*** MATERIALS PROVIDED

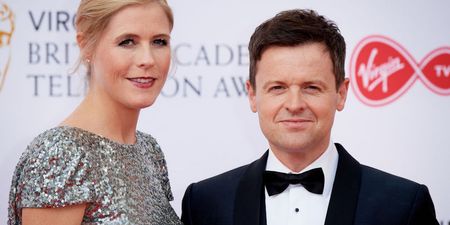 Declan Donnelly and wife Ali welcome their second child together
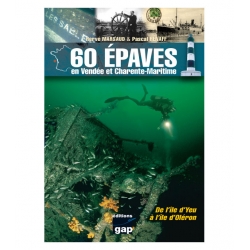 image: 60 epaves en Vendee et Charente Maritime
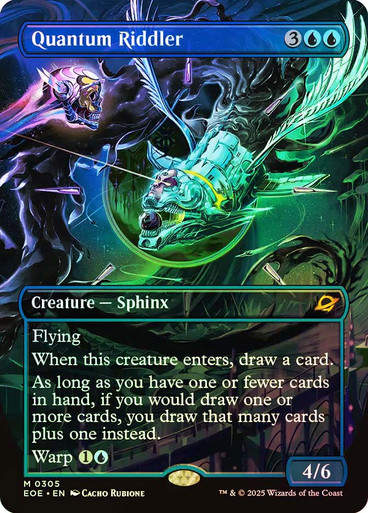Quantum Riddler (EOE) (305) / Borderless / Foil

******
*** MATERIALS PROVIDED

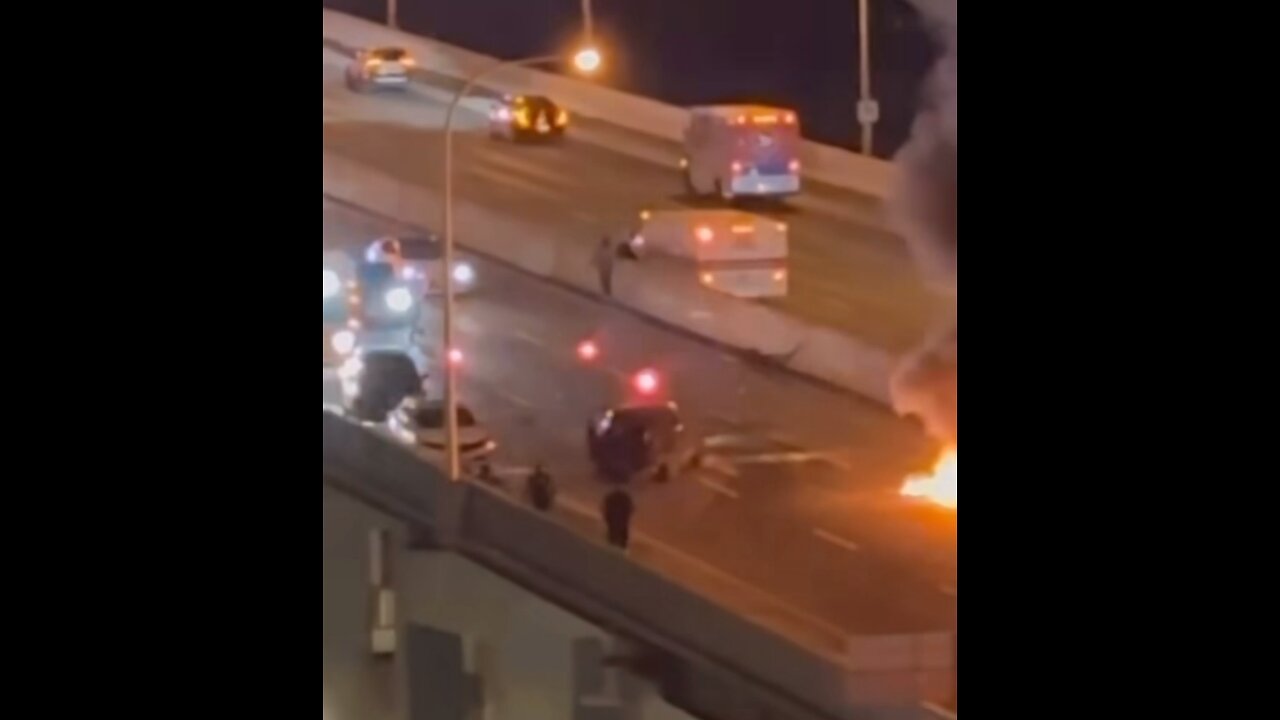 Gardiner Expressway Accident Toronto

******

■ **REQUIRED ACTION**: Skip every picture, and restate word for word only the lines above from the line containing "Declan Donnelly and" to the line containing "Quantum Riddler (EOE)", both of them included.

■ **OUTPUT OF THE EXERCISE**:
 Declan Donnelly and wife Ali welcome their second child together
 image: 60 epaves en Vendee et Charente Maritime
Quantum Riddler (EOE) (305) / Borderless / Foil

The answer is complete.